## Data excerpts
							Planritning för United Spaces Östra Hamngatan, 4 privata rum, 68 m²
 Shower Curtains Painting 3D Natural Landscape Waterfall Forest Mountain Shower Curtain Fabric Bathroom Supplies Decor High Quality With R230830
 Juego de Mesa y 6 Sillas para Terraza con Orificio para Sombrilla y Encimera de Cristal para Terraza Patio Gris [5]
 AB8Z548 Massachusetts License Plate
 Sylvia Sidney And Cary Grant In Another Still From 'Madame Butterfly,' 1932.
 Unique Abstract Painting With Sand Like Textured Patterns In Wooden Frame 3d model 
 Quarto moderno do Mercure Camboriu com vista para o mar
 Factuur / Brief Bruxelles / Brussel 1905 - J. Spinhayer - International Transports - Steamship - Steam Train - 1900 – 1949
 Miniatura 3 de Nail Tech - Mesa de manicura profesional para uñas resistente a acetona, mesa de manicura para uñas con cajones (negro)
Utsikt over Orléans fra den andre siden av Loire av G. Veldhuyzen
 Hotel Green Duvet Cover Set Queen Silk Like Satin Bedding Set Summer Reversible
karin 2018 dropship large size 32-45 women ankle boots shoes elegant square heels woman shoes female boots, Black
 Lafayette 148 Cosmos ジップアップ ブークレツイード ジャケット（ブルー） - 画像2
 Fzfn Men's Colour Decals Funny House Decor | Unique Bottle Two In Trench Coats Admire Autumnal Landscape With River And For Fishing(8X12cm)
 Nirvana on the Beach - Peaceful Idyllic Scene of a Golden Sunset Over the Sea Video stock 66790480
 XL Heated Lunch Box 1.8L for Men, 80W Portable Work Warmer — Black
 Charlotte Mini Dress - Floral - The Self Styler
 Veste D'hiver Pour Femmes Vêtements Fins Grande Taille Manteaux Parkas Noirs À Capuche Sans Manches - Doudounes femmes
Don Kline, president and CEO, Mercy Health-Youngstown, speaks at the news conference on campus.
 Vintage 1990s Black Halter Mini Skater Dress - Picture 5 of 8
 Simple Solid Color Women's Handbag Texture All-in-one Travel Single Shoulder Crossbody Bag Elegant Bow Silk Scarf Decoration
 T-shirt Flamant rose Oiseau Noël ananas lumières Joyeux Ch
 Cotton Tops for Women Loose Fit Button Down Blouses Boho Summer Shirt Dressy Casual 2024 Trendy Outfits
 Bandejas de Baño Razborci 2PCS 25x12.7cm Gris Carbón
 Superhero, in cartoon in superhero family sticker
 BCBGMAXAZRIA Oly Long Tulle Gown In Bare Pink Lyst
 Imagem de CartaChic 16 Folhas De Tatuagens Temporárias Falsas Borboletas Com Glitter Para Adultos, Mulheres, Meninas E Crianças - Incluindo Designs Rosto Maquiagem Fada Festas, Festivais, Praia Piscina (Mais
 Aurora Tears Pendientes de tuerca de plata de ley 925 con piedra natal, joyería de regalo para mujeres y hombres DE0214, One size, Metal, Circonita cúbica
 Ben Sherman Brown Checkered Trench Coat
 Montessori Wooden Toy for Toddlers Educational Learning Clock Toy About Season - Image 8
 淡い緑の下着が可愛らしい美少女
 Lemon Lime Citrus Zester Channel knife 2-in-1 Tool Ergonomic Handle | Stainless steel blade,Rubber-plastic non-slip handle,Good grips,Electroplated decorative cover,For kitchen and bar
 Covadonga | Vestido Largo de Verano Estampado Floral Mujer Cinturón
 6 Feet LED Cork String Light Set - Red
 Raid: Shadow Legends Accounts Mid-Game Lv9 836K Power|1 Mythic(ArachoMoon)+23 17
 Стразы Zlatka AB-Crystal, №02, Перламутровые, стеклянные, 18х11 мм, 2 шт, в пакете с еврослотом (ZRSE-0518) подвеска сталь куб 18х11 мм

## EXERCISE DESCRIPTION
Which of the lines above include the word "Mesa"? Copy each of them.

## TASK RESPONSE
 Juego de Mesa y 6 Sillas para Terraza con Orificio para Sombrilla y Encimera de Cristal para Terraza Patio Gris [5]
 Miniatura 3 de Nail Tech - Mesa de manicura profesional para uñas resistente a acetona, mesa de manicura para uñas con cajones (negro)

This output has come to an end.